The police said that 2,153 people were caught extorting money or valuables in the name of extra wages, accounting for 75 percent of the total. In addition, there were 302 cases of obstruction of work and 284 cases of hiring union members and forcing them to use equipment which accounted for 11 percent and 10 percent, respectively.
The labor unions are also preparing to fight back against the Yoon government.
The KCTU has announced a general uprising in May and a general strike in July.
On Feb. 28, members of the construction union from across the country organized a large-scale rally in downtown Seoul to protest the government's "war on labor unions" at construction sites. According to the police, the event drew around 15,000 people from seven branches under the construction union of the KCTU, who gathered in front of the Seoul Government Complex near Gwanghwamun. The attendees held a pre-resolution meeting and wore red headbands bearing the message "unite, struggle."
During the rally, Yoon Jeong-hyeok, who heads the metal union of the KCTU, addressed the crowd and criticized the Yoon government over its poor treatment of the construction union. He called on the attendees to unite and fight to protect the KTCU and to strive for victory for the workers. The head of the metal union also chanted slogans such as "We can't continue living like this, let's turn the world upside down."
Kim Jong-ho, who heads the Daegu-Gyeongbuk regional headquarters, also criticized the government's handling of construction sites. He claimed that during a time when illegal multi-level operations were rampant, the government failed to comprehend what was happening on the sites and instead had workers come to Gwanghwamun. Kim suggested that the transportation and labor ministers should have worked at the construction sites for over a year to gain a better understanding of the situation.
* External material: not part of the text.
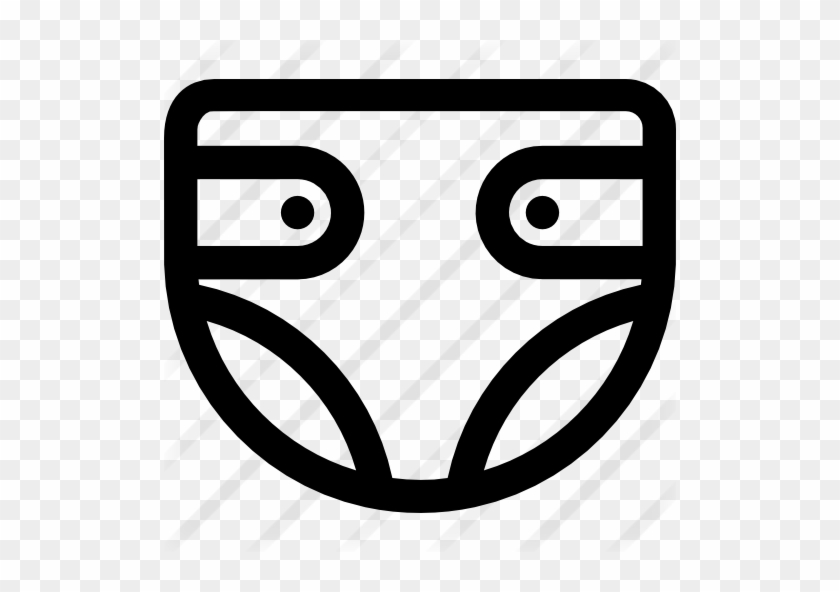 Diaper - Icono Pañal Png #556777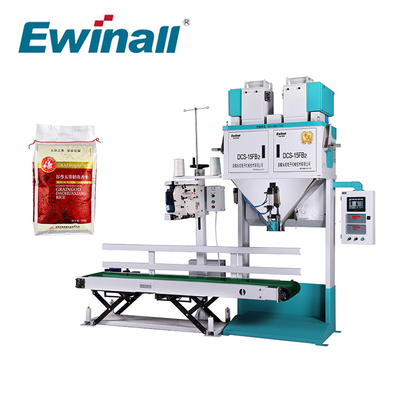 DCS-15FB2 Ewinall कलर स्क्रीन राइस मिल ग्रेन राइस पैकिंग मशीन 2.5kg - 15 Kg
Lee Heung-seok, a union leader, claims that safety accidents and large-scale accidents have decreased thanks to the union's efforts. "The government does not recognize the benefits of this union and exaggerates the violence on the ground," he said.
Experts suggest that the government should approach its efforts to eliminate illegal practices in the construction industry with more care and sensitivity.
“Yoon’s push for cracking down on the union has significance,” said Choi Myeong-ki, an industrial field professor at the Human Resources Development Service of Korea.
“But if it is too extreme, it may not match the reality,” he said. “If the government only beats the unions without understanding the situation on the construction sites, it might harm subcontractors who are struggling between large companies and unions.”